The other interesting thing in this email is that Banana Republic uses the sender name “Banana Republic Promotions” instead of their usual “BananaRepublic.com.” The Gap Inc. brands certainly have a history of experimenting with sender names so perhaps this is just another in a long line of tests.
Old Navy, 6/24 — Wholey Moley! Save 30% Off the WHOLE Site
And speaking of sender name tests among the Gap Inc. brands, for this email Old Navy uses the sender name “Old Navy Deal Alert.” They normally use “Old Navy,” although in late May they tried “Old Navy Email Exclusive” as the sender name for a couple of emails.
Urban Outfitters, 6/24 — You're the first to know! (Details inside)
Since moving to the “UO” logo a while back, Urban Outfitters has periodically experimented with using the space directly to the right of their logo. In this email, they’ve inserted what I would usually call a preheader header message—except that they already have one in this email. So in this email, Urban Outfitters has the subject line, preheader message and this, let’s call it a header message, all working to convey the subject of the email before you even get to the primary message.
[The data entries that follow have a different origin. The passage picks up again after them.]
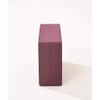 yoga block a sesame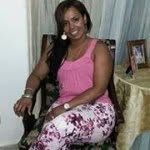 Yenny Basora - @jennybxox_ - Instagram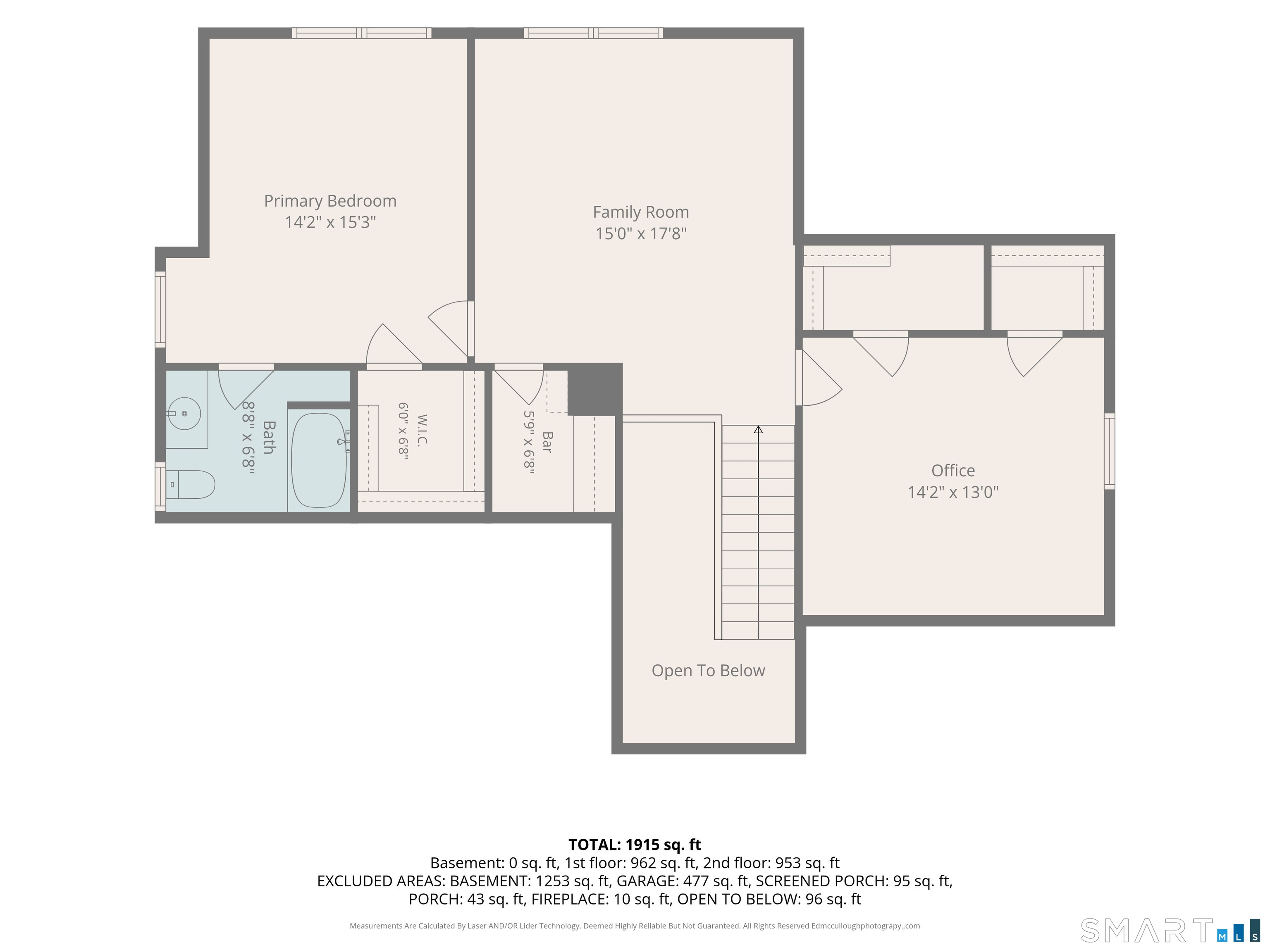 36 Buckland Street Southington CT 06479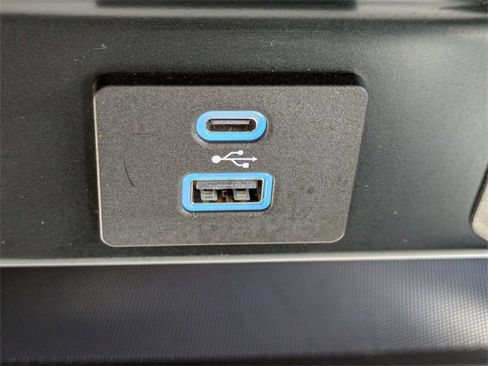 Certified 2024 Ford F150 XL image 21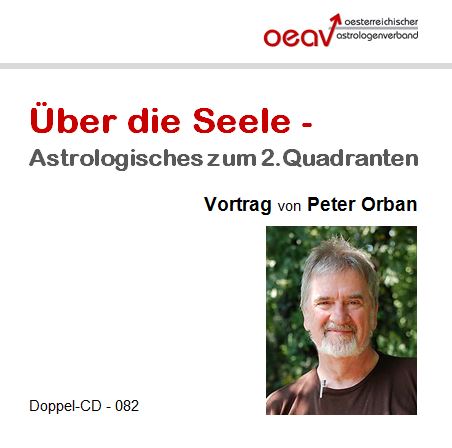 mp3-082-orban-ueber-die-seele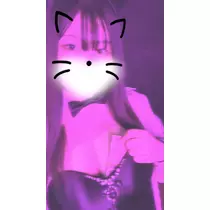 ちゃお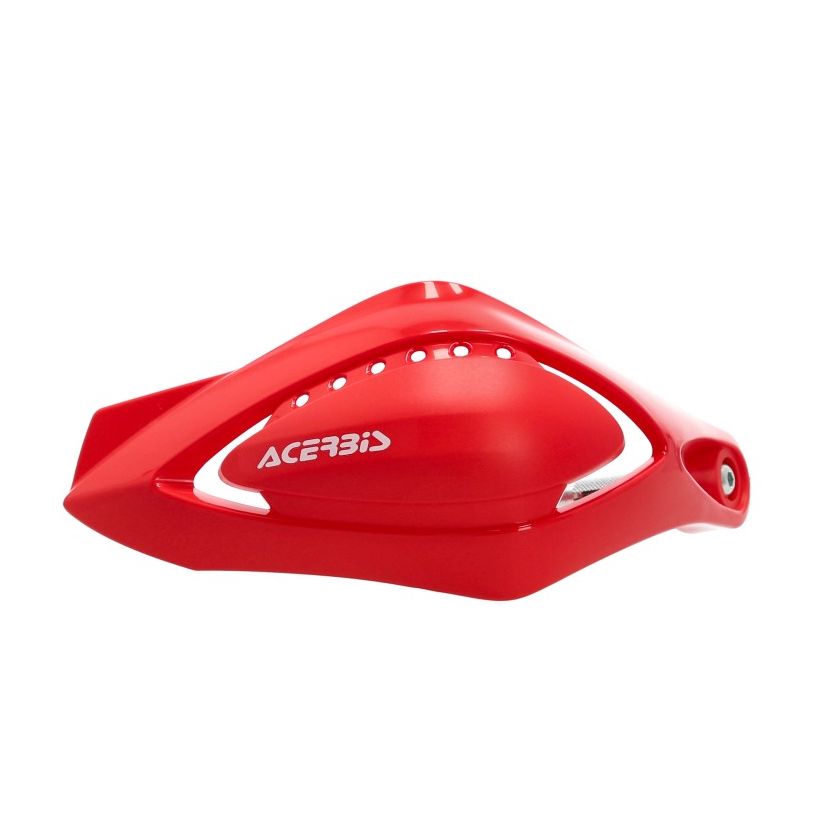 Protèges-mains Acerbis ZOOM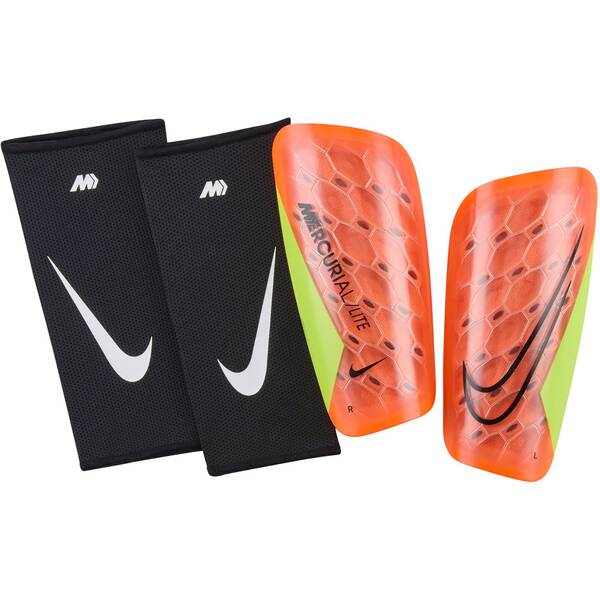 Thumbnail - NIKE Schoner NK MERC LITE - FA22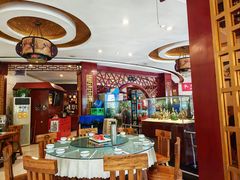 -老雒阳面馆·水席(偃师店)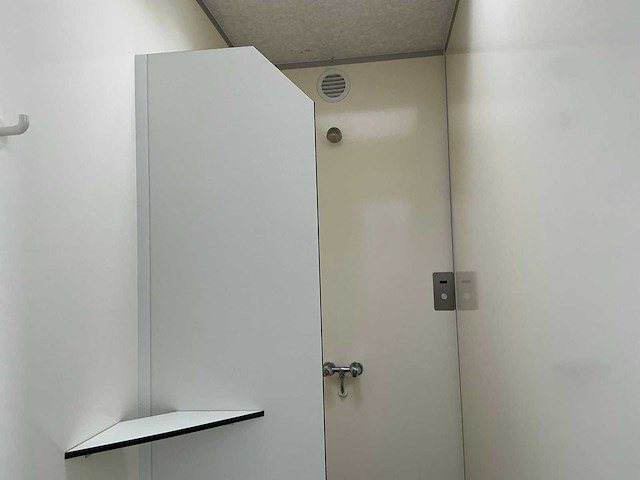 Van keulen sanitairunit - afbeelding 9 van  57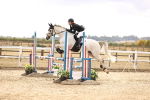 SBM_008788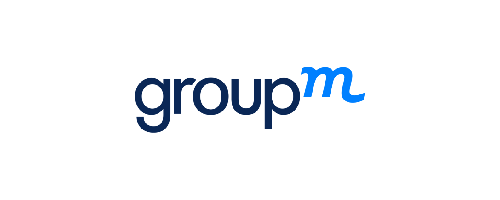 Group m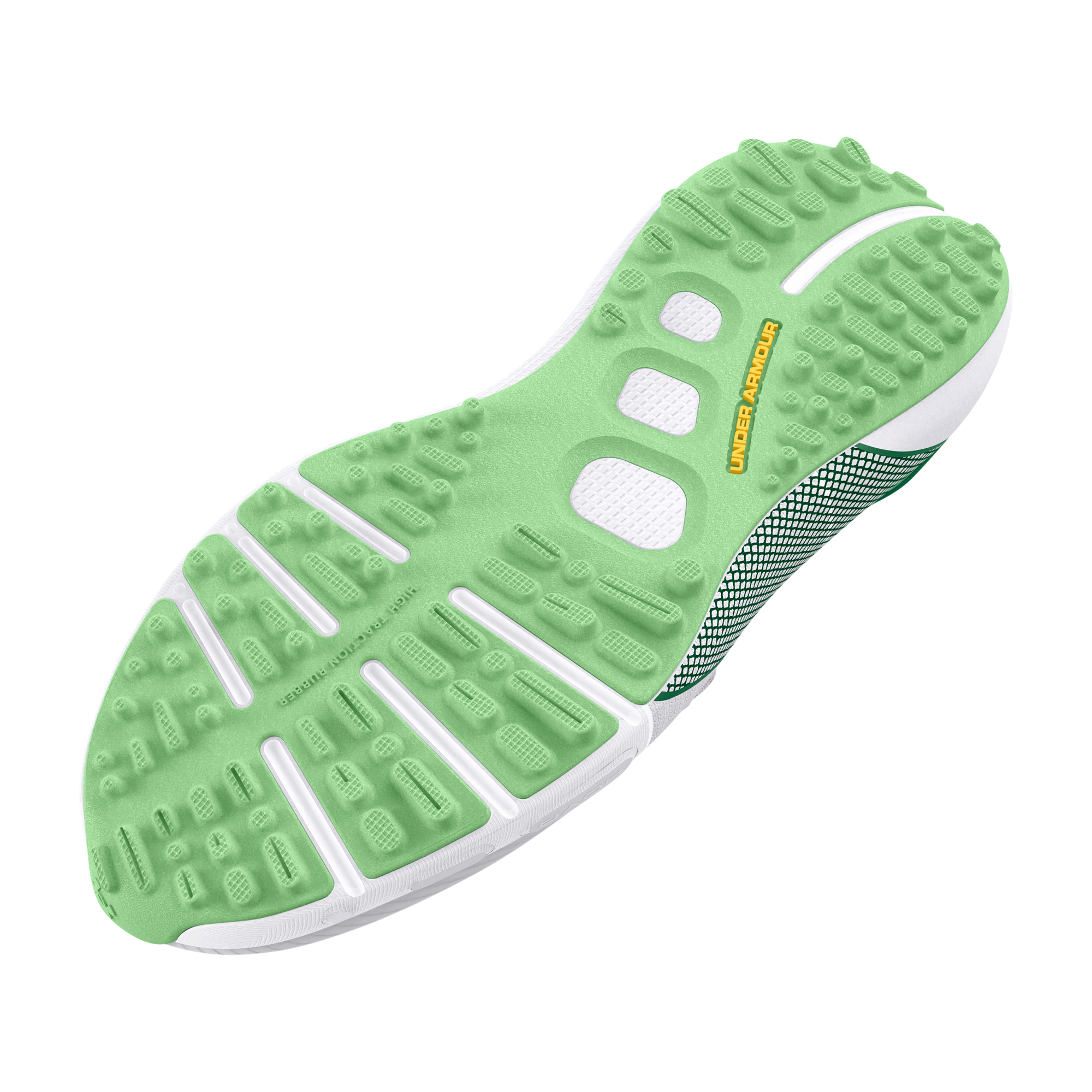 Phantom Limited Edition Men's Golf Shoe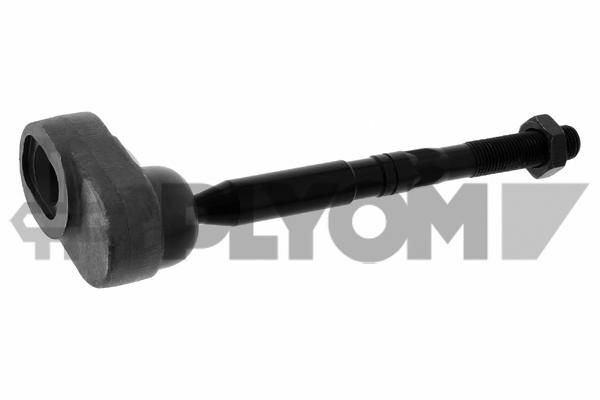 LEMFORDER ROT MİLİ 169/245 (A1693300703)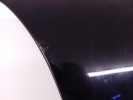 Капот BMW 1-series (E87) 41 62 7 162 102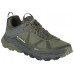 Кросівки AKU FlyRock GTX, Olive/Blue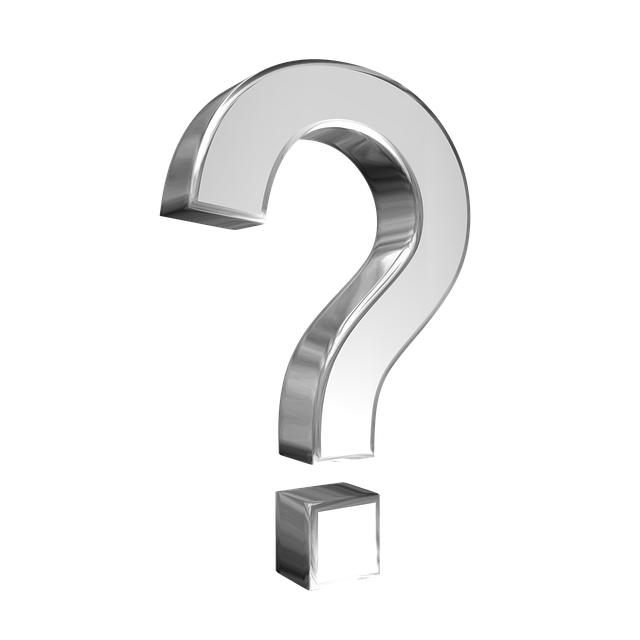 Nejčastější motivy snů o hořícím autě a jejich interpretace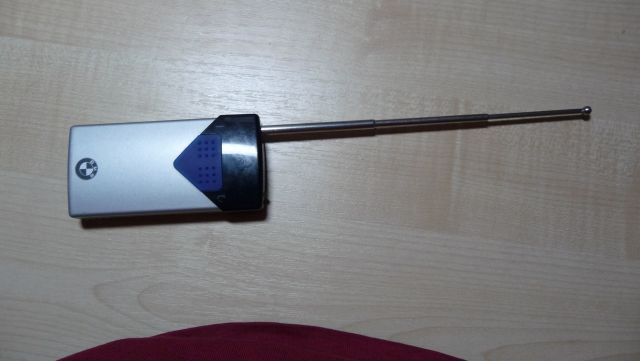 P1000304.JPG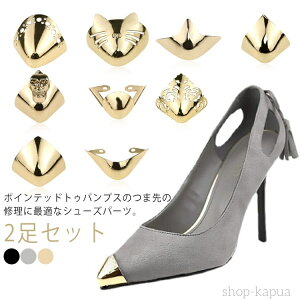 yzfB[X  pvX |CebhgD C   Ԃ  C  CNbv ܐ    C C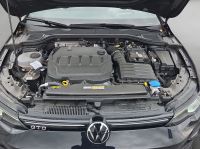 Volkswagen Golf - Vorschau Bild 21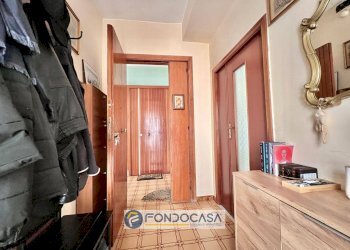 Foto 30 - Casa indipendente Via Nazzario sauro, Lusciano - foto 30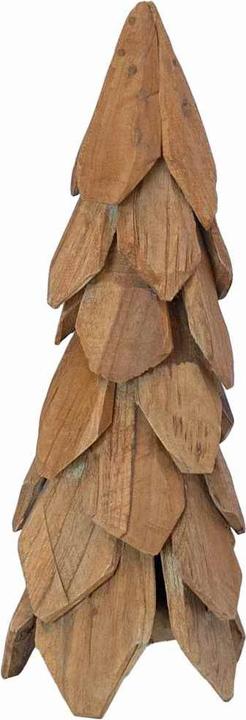 Produktbild vidaXL Weihnachtsbaum (51 cm)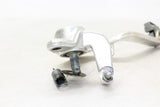 05-21 Suzuki Drz400sm Shifter Pedal OEM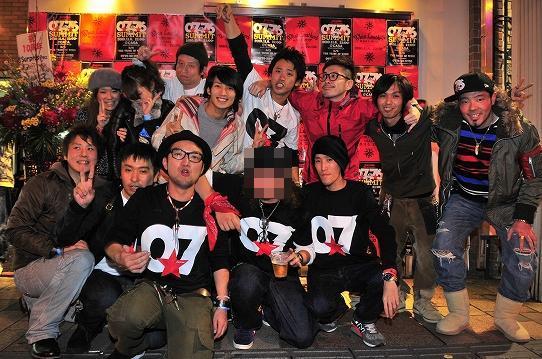 鉄　は　熱　い　う　ち　に　打　て　　　　(*ﾟ∀ﾟ)=3ﾑｯﾊｰ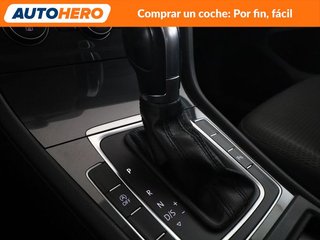 Volkswagen Golf 1.0 TSI Advance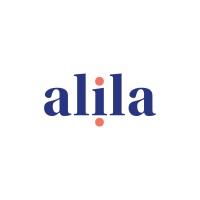 ALILA Jewelry logo, ALILA Jewelry contact details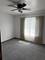 21937 W Kettering, Plainfield, IL 60544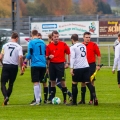 SG Borsch - SV Rositz (04)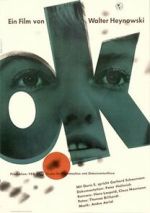 Watch O.K. Freemovieswatch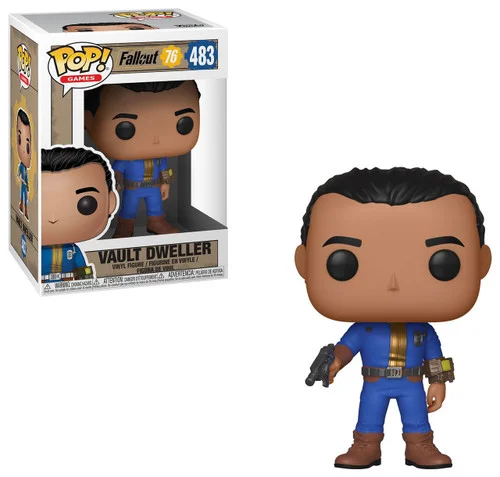 toywiz202604280840101331596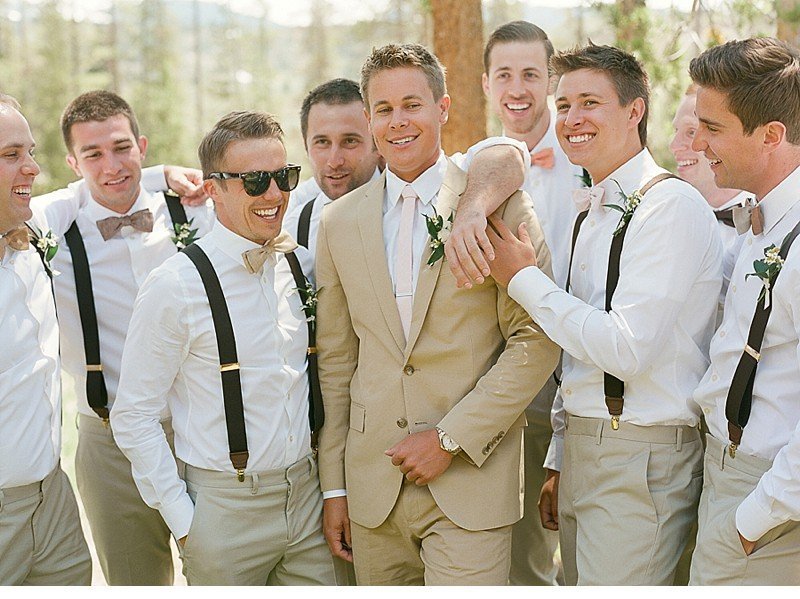 kati christopher rustikale hochzeit 0007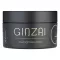 GINZAI Ginseng uppstramande och lugnande ansiktsmask, 100 ml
Cooking.com, 6/24 — Classic Cookout: Recipes for Easy Baked Beans & BBQ Faves
I’m a big proponent of polls in emails, especially when they’re used for progressive profiling. So I was excited to see this “Yum/Yuck” poll in this email. But the experience quickly let me down. First, you have to click through to the landing page to indicate your choice. That really could have been handled in the email itself, saving Cooking.com some drop-off in respondents. And second, when you vote on the landing page, a window pops up with the results, but it’s almost instantly replaced with an ad. So you click through the email, cast your vote, and you don’t even get to see the results. It’s a frustrating experience that’s like to depress the response to future “Yum/Yuck” polls, which deprives Cooking.com of important affinity information that could be used to decide which recipes and products to pitch to individual subscribers.
SUBJECTIVITY SCANNER: Select noteworthy subject lines
Sports Authority, 6/24 — Stock Up for the 4th Sale - Save 20% on Thursday & Friday!
Coldwater Creek, 6/24 — Save $20...Summer's here! Jackets required. Sleeves optional.